Here are a couple views of 1948 Olympia. Apolgies for the image quality. Can anyone tell where in downtown the traffic survey is happening? Looks like they wanted to put a freeway through the middle of town. Glad that didn't happen.
| Attachment | Size |
|---|---|
| Oly_1948.pdf | 380.2 KB |
| Oly_plan.pdf | 1.5 MB |
Comments
4th Ave.
looking east from about where Bayview currently resides? That tall dark building, I'm guessing, is the Kneeland.
Just a stab in the dark.
Mothball Fleet
In the second page of the Plan view, you can see the post-WWII "Mothball fleet" stationed off of Priest Point Park. (top right hand corner)
It's apparent that this was a study of placing the Route 99 expressway along the corridor occupied (in part) by the railroad grade which passes the Capitol and goes through the downtown rail tunnel today... so this would have looked rather like the Eisenhower Expressway in Chicago (a slot trench which divides neighborhoods and forms a kind of "suicide" corridor.) In those days, all of the downtown traffic was on 99 and went right down through the middle of town. Friday evening and Sunday evening were impossible for locals, who avoided the main strip. This traffic was also a large 'boost' to the economy, though - since drivers frustrated with traffic could stop and wait it out at the Spar and similar locales. In one picture you can see the Texaco station right on 99.
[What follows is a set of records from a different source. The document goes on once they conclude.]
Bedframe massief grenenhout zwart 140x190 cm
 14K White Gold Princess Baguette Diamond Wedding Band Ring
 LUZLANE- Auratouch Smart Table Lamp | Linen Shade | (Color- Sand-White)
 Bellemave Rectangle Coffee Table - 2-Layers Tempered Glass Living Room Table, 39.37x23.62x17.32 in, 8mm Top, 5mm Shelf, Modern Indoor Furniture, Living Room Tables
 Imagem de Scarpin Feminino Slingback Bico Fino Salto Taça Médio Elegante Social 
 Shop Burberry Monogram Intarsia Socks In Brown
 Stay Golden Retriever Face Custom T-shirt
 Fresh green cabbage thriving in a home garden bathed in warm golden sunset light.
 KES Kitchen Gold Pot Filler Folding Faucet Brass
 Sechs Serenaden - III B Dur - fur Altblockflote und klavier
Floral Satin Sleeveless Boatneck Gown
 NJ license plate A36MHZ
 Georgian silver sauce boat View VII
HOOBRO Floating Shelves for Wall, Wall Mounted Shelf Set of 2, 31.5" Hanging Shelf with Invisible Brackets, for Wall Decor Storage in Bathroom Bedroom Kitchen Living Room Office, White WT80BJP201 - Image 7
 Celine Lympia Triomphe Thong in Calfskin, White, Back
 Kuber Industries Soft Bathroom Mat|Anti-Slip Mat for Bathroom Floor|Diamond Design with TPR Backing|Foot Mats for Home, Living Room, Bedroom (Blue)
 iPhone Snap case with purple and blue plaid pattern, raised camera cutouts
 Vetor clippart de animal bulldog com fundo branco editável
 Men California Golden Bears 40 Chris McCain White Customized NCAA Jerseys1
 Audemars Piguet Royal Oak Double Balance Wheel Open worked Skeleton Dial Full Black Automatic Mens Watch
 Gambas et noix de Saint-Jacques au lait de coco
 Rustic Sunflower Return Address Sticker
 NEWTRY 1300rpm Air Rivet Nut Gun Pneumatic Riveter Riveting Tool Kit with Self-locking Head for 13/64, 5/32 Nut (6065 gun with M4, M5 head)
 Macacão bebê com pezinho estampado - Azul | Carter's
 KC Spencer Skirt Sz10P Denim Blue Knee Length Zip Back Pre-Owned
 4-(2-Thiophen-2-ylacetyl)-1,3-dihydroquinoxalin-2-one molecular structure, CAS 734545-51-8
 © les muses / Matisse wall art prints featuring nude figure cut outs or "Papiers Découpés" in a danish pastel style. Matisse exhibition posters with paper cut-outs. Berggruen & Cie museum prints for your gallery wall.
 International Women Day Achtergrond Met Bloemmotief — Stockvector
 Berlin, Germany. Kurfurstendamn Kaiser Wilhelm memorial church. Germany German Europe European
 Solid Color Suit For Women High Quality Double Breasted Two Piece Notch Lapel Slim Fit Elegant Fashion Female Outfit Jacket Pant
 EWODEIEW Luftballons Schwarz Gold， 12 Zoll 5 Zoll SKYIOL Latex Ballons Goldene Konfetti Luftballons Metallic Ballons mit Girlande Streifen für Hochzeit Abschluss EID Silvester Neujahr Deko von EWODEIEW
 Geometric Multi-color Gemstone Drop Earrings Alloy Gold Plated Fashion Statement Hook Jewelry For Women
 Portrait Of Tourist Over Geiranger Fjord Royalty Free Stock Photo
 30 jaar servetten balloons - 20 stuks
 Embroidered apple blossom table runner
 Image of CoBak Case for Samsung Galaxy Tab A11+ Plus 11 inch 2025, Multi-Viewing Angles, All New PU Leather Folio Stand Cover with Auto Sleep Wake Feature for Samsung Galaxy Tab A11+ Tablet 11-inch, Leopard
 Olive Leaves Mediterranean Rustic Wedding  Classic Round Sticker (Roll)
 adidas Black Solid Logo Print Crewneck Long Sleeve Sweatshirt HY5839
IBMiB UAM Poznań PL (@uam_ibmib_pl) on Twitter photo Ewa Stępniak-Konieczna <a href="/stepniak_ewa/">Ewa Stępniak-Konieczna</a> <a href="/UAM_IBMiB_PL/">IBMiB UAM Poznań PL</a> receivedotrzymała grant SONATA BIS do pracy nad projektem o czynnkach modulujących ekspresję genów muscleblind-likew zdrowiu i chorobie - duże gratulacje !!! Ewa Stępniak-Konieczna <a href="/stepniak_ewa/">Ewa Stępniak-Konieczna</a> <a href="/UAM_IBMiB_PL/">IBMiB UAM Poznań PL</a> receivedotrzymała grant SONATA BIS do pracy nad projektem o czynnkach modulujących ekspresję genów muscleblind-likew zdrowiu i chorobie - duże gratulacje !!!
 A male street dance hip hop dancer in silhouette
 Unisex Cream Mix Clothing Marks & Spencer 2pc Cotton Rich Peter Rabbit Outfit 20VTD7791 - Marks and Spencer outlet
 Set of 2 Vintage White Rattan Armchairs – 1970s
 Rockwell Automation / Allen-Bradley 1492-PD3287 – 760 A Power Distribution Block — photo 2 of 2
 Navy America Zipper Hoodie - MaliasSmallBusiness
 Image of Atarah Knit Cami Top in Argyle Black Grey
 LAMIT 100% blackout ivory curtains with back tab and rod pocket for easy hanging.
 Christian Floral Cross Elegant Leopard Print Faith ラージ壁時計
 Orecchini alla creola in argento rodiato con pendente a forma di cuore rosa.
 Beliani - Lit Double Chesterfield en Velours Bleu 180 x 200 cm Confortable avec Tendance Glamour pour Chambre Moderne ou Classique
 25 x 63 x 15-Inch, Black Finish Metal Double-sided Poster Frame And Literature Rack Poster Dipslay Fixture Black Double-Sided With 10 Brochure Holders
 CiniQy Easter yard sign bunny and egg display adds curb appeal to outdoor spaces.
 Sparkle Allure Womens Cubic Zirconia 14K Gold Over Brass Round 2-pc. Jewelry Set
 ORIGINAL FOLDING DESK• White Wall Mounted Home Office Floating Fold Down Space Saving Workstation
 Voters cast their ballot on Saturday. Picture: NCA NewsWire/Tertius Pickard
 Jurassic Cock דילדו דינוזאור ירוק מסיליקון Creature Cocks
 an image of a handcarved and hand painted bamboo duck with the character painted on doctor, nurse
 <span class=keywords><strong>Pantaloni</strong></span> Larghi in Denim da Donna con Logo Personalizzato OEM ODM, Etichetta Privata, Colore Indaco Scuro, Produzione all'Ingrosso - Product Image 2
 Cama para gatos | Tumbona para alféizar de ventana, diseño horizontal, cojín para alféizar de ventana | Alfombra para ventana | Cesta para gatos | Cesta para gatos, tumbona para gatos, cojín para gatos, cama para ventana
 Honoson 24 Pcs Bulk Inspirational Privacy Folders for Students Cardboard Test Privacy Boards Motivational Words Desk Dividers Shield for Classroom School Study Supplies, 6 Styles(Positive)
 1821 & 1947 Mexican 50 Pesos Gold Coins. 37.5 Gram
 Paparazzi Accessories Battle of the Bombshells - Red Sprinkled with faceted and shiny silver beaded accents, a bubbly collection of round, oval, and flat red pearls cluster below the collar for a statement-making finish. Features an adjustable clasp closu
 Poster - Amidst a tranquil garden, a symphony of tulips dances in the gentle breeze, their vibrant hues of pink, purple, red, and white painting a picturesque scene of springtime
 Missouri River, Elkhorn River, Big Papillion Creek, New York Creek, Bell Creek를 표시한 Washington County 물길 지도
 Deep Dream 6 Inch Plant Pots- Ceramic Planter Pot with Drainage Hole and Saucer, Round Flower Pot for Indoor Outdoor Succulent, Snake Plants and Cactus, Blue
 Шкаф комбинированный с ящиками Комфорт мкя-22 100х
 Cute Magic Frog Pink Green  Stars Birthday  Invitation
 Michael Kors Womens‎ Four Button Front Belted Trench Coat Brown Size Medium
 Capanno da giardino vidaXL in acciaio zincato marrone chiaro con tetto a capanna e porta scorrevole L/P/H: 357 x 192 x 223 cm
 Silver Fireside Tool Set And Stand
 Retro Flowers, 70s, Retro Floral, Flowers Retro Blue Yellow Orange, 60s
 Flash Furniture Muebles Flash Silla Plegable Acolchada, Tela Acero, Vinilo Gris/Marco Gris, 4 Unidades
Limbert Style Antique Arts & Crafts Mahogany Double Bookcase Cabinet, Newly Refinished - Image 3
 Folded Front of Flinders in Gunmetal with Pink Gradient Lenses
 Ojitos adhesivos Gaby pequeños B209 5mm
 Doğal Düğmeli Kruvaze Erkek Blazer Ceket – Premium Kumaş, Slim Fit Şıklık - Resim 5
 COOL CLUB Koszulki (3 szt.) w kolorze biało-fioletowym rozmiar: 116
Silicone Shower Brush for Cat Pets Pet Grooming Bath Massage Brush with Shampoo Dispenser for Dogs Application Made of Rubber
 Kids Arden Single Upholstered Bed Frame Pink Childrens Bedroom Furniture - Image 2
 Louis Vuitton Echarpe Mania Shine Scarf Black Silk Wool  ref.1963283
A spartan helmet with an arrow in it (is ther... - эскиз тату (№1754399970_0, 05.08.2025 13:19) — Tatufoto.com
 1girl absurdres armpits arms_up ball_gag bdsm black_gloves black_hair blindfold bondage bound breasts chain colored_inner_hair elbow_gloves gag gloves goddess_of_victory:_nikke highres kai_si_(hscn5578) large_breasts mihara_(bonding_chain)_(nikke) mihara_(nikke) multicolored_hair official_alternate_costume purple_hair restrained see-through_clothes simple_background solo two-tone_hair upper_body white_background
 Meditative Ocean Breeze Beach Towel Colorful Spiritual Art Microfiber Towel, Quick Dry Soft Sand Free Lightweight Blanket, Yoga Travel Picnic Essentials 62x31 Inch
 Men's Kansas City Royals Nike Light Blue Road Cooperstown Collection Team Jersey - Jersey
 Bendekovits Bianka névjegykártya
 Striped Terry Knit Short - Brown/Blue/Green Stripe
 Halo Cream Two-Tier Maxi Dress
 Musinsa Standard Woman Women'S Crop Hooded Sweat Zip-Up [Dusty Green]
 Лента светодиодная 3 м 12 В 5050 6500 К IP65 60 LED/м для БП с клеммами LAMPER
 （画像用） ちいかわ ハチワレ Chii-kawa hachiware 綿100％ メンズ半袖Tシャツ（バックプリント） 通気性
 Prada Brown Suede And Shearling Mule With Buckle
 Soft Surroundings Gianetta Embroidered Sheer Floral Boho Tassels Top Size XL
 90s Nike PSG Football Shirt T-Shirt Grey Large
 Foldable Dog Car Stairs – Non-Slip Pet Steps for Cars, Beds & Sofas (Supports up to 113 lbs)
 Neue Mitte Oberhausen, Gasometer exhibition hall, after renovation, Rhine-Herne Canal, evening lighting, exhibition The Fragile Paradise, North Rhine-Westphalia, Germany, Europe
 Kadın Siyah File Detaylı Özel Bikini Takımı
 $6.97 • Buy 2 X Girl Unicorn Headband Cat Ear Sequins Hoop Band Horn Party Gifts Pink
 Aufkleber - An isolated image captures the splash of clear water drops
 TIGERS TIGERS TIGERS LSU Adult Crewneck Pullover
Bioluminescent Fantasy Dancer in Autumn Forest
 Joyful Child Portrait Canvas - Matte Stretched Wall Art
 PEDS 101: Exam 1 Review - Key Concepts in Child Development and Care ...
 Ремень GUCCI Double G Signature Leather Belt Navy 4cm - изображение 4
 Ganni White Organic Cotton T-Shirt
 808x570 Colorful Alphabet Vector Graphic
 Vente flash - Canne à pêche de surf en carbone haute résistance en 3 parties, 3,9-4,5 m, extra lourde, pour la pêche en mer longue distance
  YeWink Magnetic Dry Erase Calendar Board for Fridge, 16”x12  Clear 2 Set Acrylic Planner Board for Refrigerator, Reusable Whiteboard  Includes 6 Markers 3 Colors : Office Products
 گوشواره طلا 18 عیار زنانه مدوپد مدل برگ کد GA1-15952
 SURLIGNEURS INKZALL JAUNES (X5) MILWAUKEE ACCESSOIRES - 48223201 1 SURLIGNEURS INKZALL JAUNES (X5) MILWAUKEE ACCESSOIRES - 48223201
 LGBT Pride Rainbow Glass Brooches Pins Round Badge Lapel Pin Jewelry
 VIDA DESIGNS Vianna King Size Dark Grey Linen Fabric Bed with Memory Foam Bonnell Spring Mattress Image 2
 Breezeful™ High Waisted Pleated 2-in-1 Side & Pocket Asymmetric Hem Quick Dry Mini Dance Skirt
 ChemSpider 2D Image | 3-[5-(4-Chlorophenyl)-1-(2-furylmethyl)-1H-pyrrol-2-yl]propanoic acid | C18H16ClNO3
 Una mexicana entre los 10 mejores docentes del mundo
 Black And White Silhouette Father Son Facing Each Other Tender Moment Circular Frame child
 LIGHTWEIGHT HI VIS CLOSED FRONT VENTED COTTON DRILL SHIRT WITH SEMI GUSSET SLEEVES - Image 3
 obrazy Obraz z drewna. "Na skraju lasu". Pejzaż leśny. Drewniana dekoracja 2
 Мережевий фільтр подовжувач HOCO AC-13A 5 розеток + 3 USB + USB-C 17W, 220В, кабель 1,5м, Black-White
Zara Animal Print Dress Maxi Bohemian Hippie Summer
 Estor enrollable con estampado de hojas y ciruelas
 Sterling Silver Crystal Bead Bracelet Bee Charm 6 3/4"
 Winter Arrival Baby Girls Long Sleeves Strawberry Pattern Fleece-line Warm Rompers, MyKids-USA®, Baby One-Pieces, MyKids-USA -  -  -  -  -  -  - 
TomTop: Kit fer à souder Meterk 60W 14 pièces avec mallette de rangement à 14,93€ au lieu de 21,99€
Instead, they later decided that smashing downtown Tumwater would be a better economic move.
Ah, the Mothball Fleet
such memories.
There was apparently also a mothball fleet of WWII airplanes at Olympia Airport, but they were gone before my memory kicks in. The demise of The Point was a farewell to one of the last relics of the Oly Airport WWII era.
As for I-5, poor Tumwater, poor Moss Lake.